Richard Epstein: Progressivism Remains Off Key

Progressivism Remains Off Key

There is a delicious irony in the Center for American Progress choosing Tax Day, April 15, 2010, to publish its new defense of the progressive intellectual tradition in the U.S. The deep intellectual confusions of that movement are caught in its opening salvo, which quotes a famous aphorism of Justice Oliver Wendell Holmes: “Taxes are the price that we pay for a civilized society.”

Ironically, the CAP study links that quotation to the U.S. Department of Treasury Web site, which has the good sense to observe that the Holmes quotation “tells us nothing about the form or levels of taxation.” Neither does CAP, it turns out. But the issue matters. Treasury reported that when Holmes penned those words in 1902 the tax burden stood at 1.3% of GDP. By 2000 the tax burden exceeded over 20%, a number that looks almost blissfully low in light of the massive new Obama taxes. Some taxes are necessary for civilization, but surely every tax, no matter how dumb, is not.

As I read through the first of the three CAP reports, that by John Halpin and Conor P. Williams on the "Progressive Intellectual Tradition in America," I found no systematic defense of our current high rates of taxation.
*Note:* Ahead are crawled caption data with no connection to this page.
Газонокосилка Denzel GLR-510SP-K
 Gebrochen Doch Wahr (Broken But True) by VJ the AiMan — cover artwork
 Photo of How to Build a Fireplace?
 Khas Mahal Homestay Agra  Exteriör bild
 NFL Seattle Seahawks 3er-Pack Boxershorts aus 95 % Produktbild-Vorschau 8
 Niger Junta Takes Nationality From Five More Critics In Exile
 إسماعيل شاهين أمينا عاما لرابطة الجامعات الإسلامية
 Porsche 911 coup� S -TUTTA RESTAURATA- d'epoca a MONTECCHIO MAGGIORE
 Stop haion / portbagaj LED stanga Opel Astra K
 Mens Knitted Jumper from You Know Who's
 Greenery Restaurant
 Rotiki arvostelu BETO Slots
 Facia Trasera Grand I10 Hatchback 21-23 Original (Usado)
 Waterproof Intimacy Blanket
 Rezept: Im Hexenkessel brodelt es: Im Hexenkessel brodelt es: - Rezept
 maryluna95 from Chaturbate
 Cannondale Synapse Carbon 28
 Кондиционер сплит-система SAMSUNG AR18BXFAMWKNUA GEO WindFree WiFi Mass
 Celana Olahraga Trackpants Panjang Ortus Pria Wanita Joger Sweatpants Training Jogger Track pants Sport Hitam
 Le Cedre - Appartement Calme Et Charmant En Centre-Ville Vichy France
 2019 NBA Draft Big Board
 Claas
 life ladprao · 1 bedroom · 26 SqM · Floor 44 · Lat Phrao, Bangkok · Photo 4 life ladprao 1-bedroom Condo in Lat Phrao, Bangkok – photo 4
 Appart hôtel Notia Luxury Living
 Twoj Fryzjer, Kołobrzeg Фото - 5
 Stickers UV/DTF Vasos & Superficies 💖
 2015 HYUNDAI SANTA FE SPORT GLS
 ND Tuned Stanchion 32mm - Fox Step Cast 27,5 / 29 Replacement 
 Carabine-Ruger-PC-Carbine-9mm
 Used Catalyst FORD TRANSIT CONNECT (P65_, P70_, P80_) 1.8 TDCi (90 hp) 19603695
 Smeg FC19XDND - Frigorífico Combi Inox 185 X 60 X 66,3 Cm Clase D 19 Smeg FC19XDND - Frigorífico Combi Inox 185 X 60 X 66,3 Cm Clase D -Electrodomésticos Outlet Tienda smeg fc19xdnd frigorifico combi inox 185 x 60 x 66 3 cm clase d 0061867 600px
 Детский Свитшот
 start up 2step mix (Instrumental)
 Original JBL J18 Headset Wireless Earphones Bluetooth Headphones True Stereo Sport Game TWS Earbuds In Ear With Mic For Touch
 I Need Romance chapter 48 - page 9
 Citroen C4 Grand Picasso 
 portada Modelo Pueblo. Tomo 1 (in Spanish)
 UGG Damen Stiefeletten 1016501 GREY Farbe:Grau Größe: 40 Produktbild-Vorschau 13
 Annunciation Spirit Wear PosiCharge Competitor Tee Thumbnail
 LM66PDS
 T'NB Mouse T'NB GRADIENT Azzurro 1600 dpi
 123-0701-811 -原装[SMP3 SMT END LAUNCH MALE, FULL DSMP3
Instead our authors dished out a cook’s tour of the major tenets of the progressive movement, which attacked any traditional theory of natural rights (which date back to Roman times), without saying where and why it broke down, or what should have been done to fix it. Nor do our authors explain what was wanting in the classical liberal efforts to use the antitrust law to counteract horizontal restraints on trade, or rate regulation to deal with the problem of large network monopoly industries, such as railroads and communication, in which competitive markets are not possible.